AMD Continues Frontier Exascale Supercomputer Enablement

AMD is building the world's fastest supercomputer, Frontier, which will deliver exascale-class performance for the US Oak Ridge National Laboratory (ORNL). The supercomputer brings a lot of new technologies to the table, and AMD is laying the groundwork for the software stack that will enable the Frontier to run smoothly. As reported by Phoronix, that work continues in the form of newly-submitted Linux kernel patches.

The Frontier supercomputer is a $600 million project that aims to provide more than 1.5 ExaFLOPs of computational power that will be used by ORNL for work on various government projects. Using next-generation EPYC processors and Radeon Instinct graphics cards from AMD, this system will bring a combination of novel memory, storage, and processing elements into one system.

That stands in contrast to Intel's Aurora, which was projected to be the U.S.'s first supercomputer at the time of its announcement. However, that system has now been delayed into the 2022-2023 timeframe, meaning that the AMD-powered Frontier will not only be the fastest exascale-class computer in the world, it will also be the first. 

The continued code work continues. Back in May,  AMD began the work of ensuring proper support for Frontier's leading-edge storage subsystem. Frontier involves one of the first large-scale deployments with GPU-to-CPU memory coherency, which will require additional code work and qualification. As you can see in the patch notes below, today's work advances Frontier's memory management capabilities.
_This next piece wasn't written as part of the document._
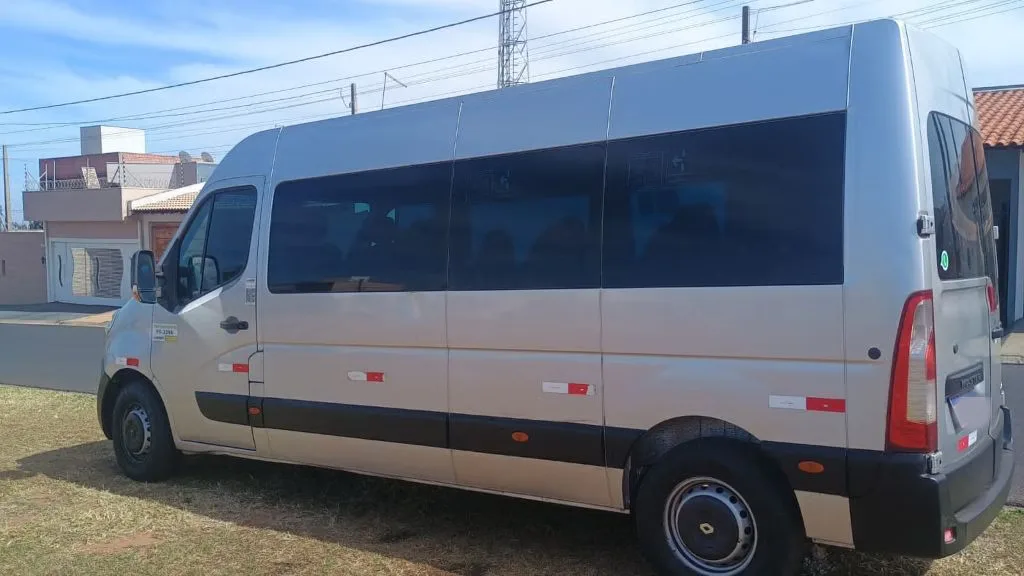 Ônibus RENAULT MASTER L3H2 EXECUTIVA JM 2017 seminovo à venda, código 1294 - foto 03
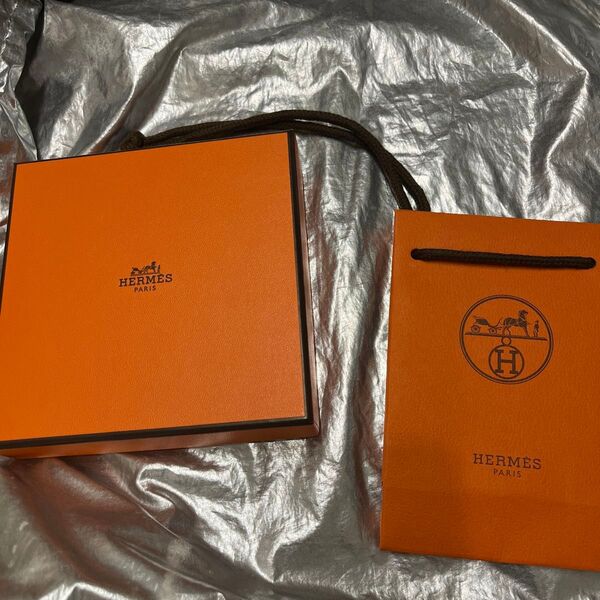HERMES 空箱 紙袋 2点セット●エルメス●香水入れ●プレゼント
"The system BIOS advertises the GPU device memory (aka VRAM) as SPM (special purpose memory) in the UEFI system address map. The amdgpu driver registers the memory with devmap as MEMORY_DEVICE_PUBLIC using devm_memremap_pages. This patch series adds MEMORY_DEVICE_PUBLIC, which is similar to MEMORY_DEVICE_GENERIC in that it can be mapped for CPU access, but adds support for migrating this memory similar to MEMORY_DEVICE_PRIVATE."
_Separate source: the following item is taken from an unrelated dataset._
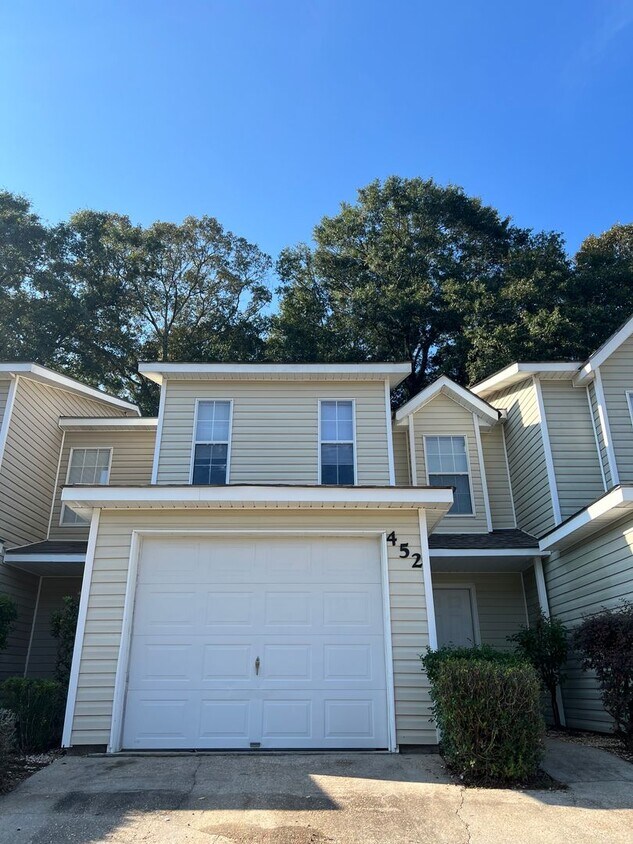 452 Sandy Oak Dr, Enterprise, AL 36330 Townhome Rentals in Enterprise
"We also included and updated two patches from Ralph Campbell (Nvidia), which change ZONE_DEVICE reference counting as requested in previous reviews of this patch series (see https://patchwork.freedesktop.org/series/90706/). Finally, we extended hmm_test to cover migration of MEMORY_DEVICE_PUBLIC. This work is based on HMM and our SVM memory manager, which has landed in Linux 5.14 recently."